We checked in with MoGo last month, after its first summer of bike sharing in Detroit. We now have more comprehensive numbers after its first five months, including average ridership, where riders live, and what kind of passes they’re buying. We also have an idea of what’s in store for next year.

MoGo announced today that in spring 2018, they’ll launch an adaptive bike share pilot, which will provide bike options such as tricycles, handcycles, and tandem bikes for seniors and people with disabilities.

MoGo launched in May 2017 and recently hit 100,000 rides, averaging about 705 rides per day. MoGo currently has 43 stations and 430 bikes throughout a range of neighborhoods. These neighborhoods span from West Village to Southwest Detroit to the Riverfront to the North End.

MoGo reports that they’ve had riders from every zip code in Detroit. The average ride is 22 minutes long. Over 76,000 miles have been covered on a MoGo since launch.

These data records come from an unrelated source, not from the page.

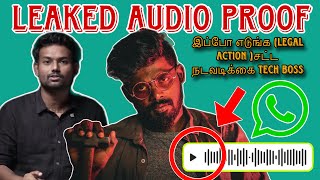 SUDARSON EXPOSED | SEKIN SHIJU ​⁠@TechSuperStarOfficial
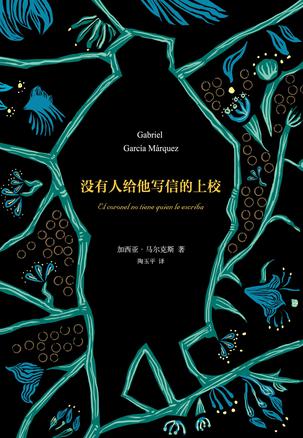 《没有人给他写信的上校》/唯一做过的事情就是等待/epub+mobi+azw3插图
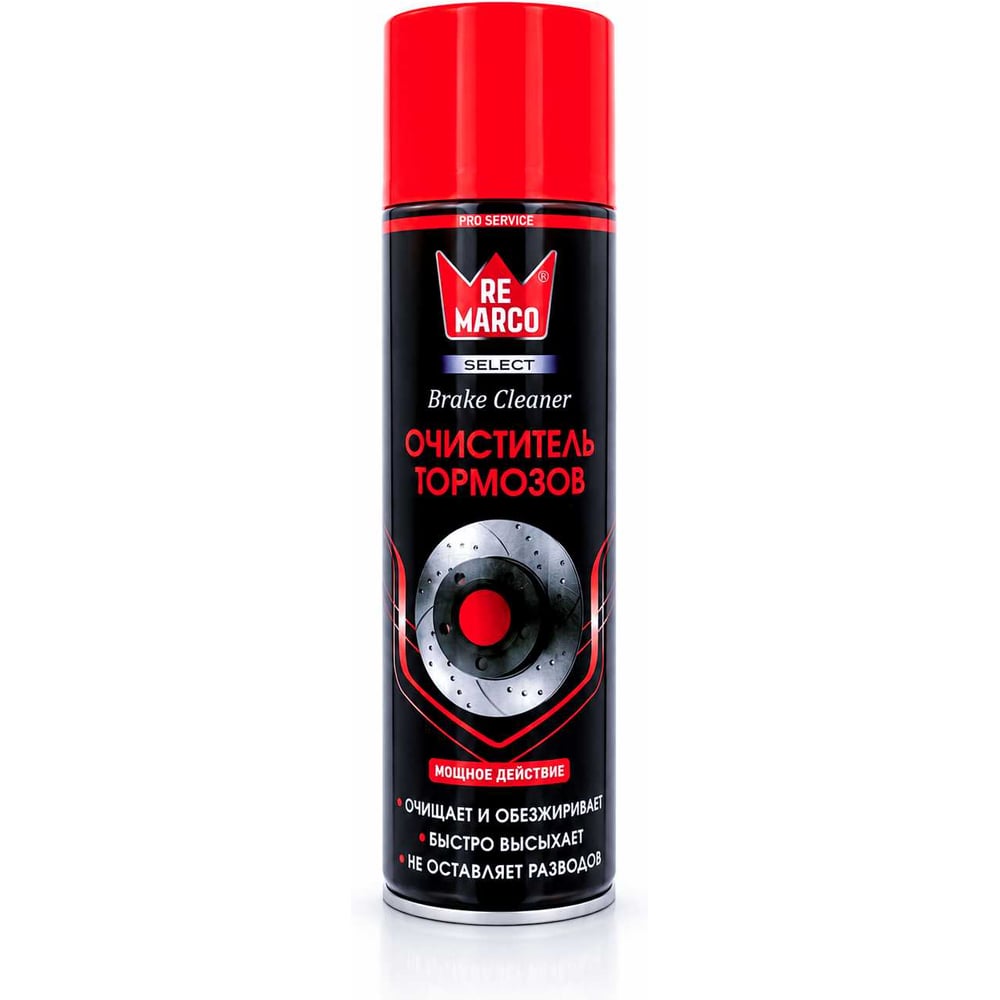 Очиститель тормозов RE MARCO Select Brake Cleaner аэрозоль, 650 мл RMS-1165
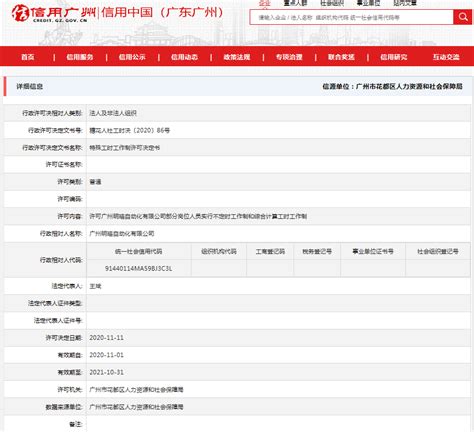 湖北成教学员学信网学籍信息查询流程_湖北成教网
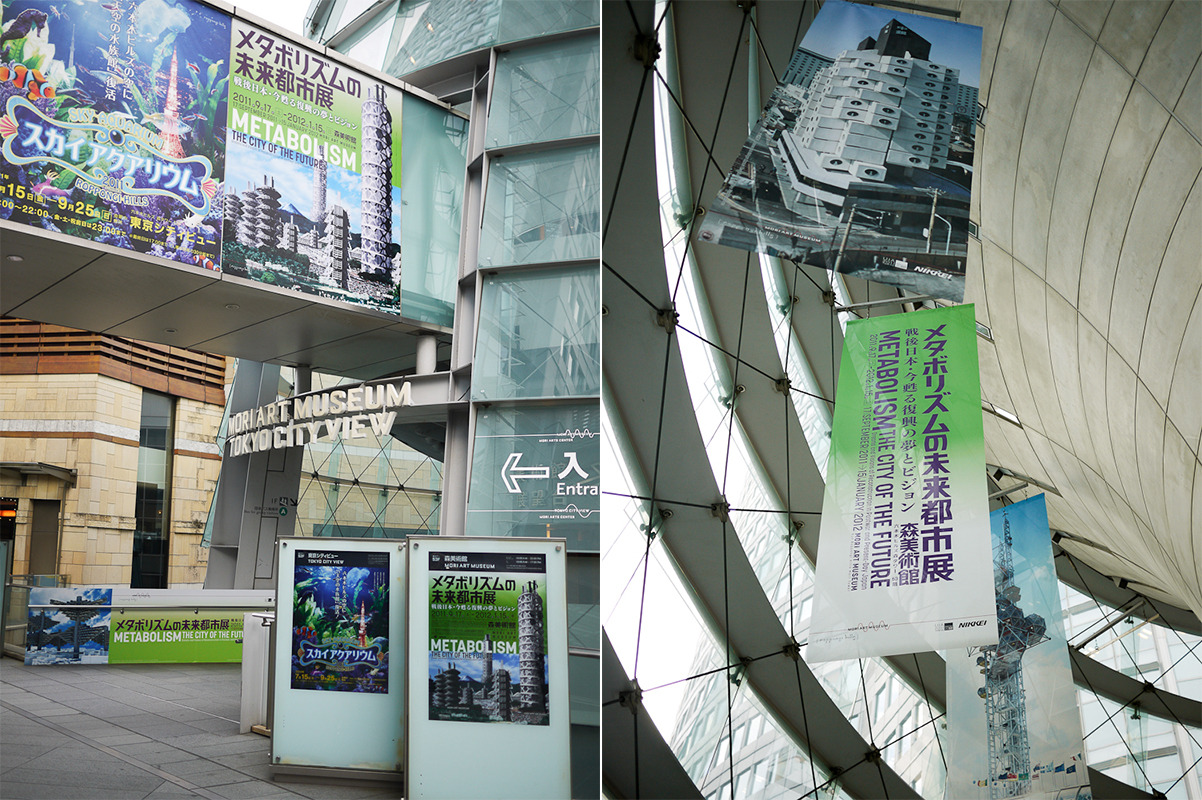 予約受付中】 REPORT｜「メタボリズムの未来都市：戦後日本・今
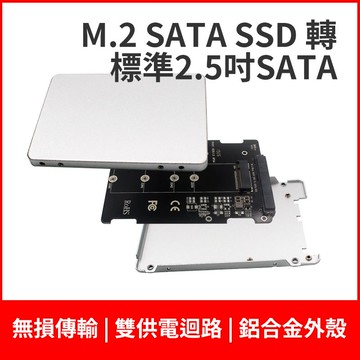 M.2 SATA 轉 2.5吋SATA 穩定加強供電 含鋁合金外殼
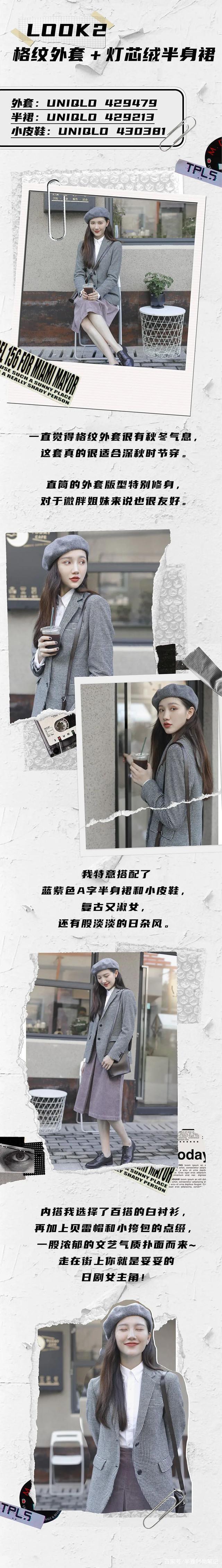 秋冬|皮衣+羊毛卷,大衣+靴子,秋冬照着穿,洋气爆棚!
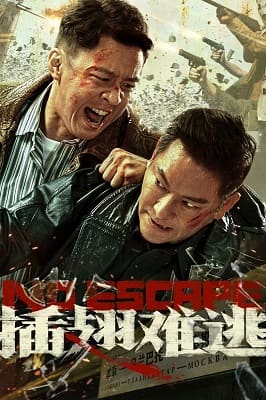 插翅難逃2025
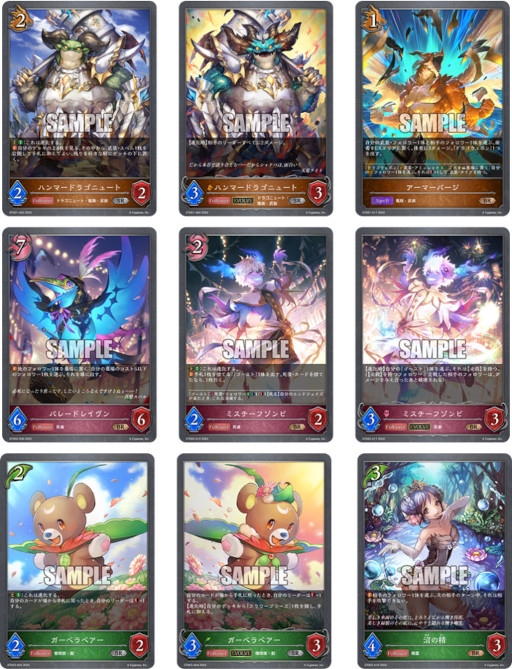 画像ギャラリー No.002のサムネイル画像 / 「Shadowverse EVOLVE」エントリーデッキシャドウバースＦ3種が11月19日に発売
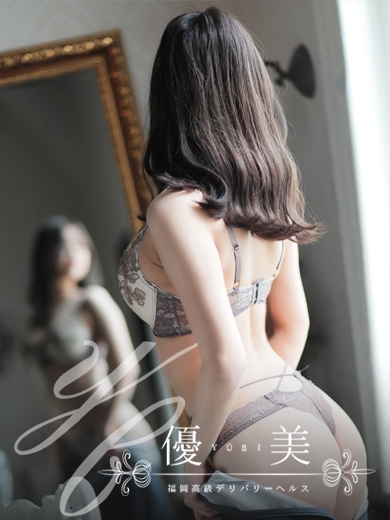 福岡　高級デリバリーヘルス『優美 - ゆうび -』羽叶【うか】STANDARDの画像
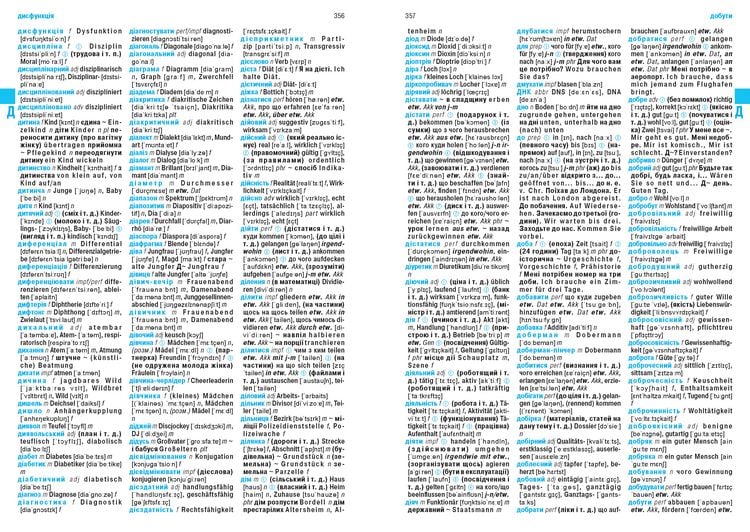 Produktbild: W&ouml;rterbuch Deutsch-Ukrainisch, Ukrainisch-Deutsch f&uuml;r ukrainische Muttersprachler
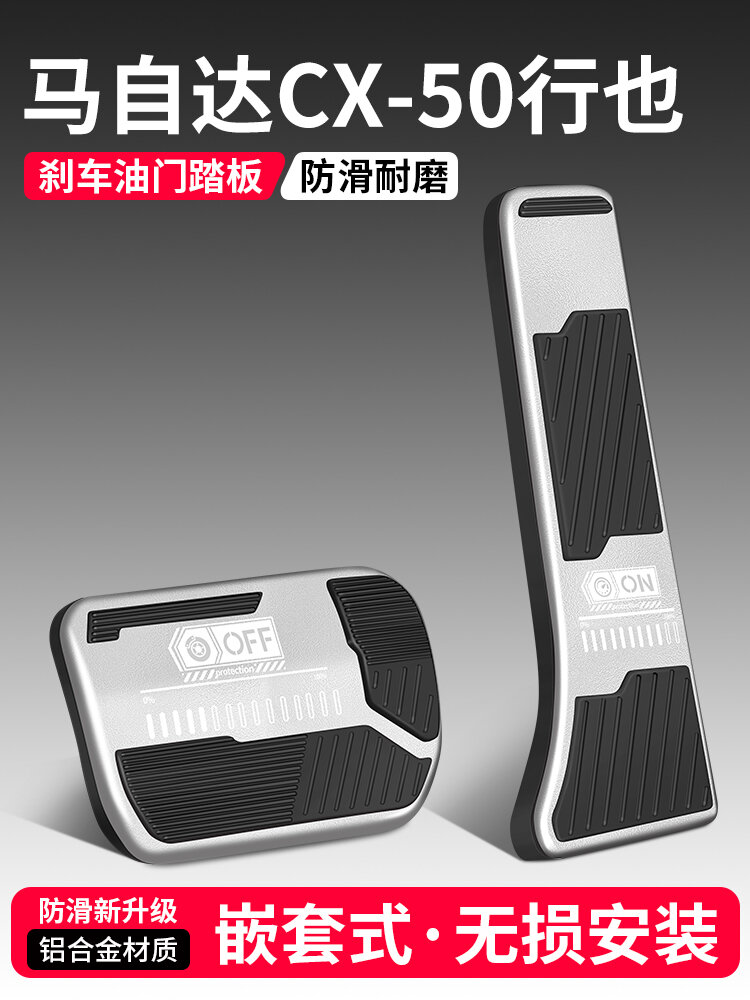 SHENQILE | Interior Upgrade Decorative Pedals ราคา 385 บาท*ส่งฟรี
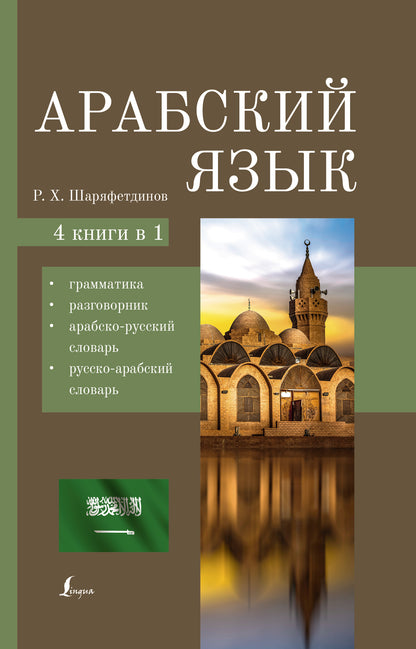 Арабский язык. 4-в-1: грамматика, разговорник, арабско-русский словарь, русско-арабский словарь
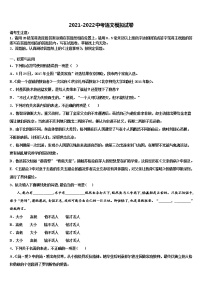 吉林省第二实验校2021-2022学年中考试题猜想语文试卷含解析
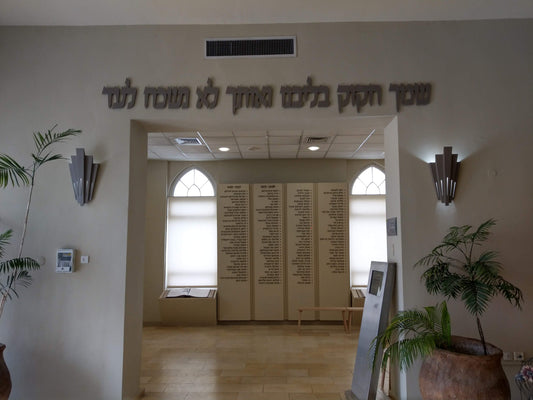 שילוט אותיות מתכת לקיר מרכזי בבית כנסת אספקלריה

As far as passes go, 17% of long-term passes fall under the $5 Access Pass, an option for riders who receive state assistance. More than 2,000 Monthly and Annual Passes and more than 18,000 Daily Passes have been purchased to date.

Its peak ridership date was Open Streets Detroit, in which MoGo offered free rides. 2,100 rides were recorded that day.

70 riders have also taken part in free Street Skills classes, which help riders who are new to biking or who would like to be more confident on a bike in an urban environment.

In terms of the environmental and health impacts, Mogo estimates that 50,900 pounds of carbon dioxide emissions have been offset, which is the equivalent of more than 56,500 miles driven by an average passenger vehicle. Also, they estimate more than 3.2 million calories have been burned, enough energy to generate more than 3.7 million watts of energy.

“Seeing Detroiters embrace MoGo as a new way to move around the city has been nothing short of thrilling,” said Lisa Nuszkowski, founder and executive director, MoGo. “We’re proud to provide a transportation option that’s serving a diverse range of people and needs, and we look forward to continuing to provide that service as we move into the fall and winter seasons.”

MoGo operates as a non-profit affiliate of the Downtown Detroit Partnership.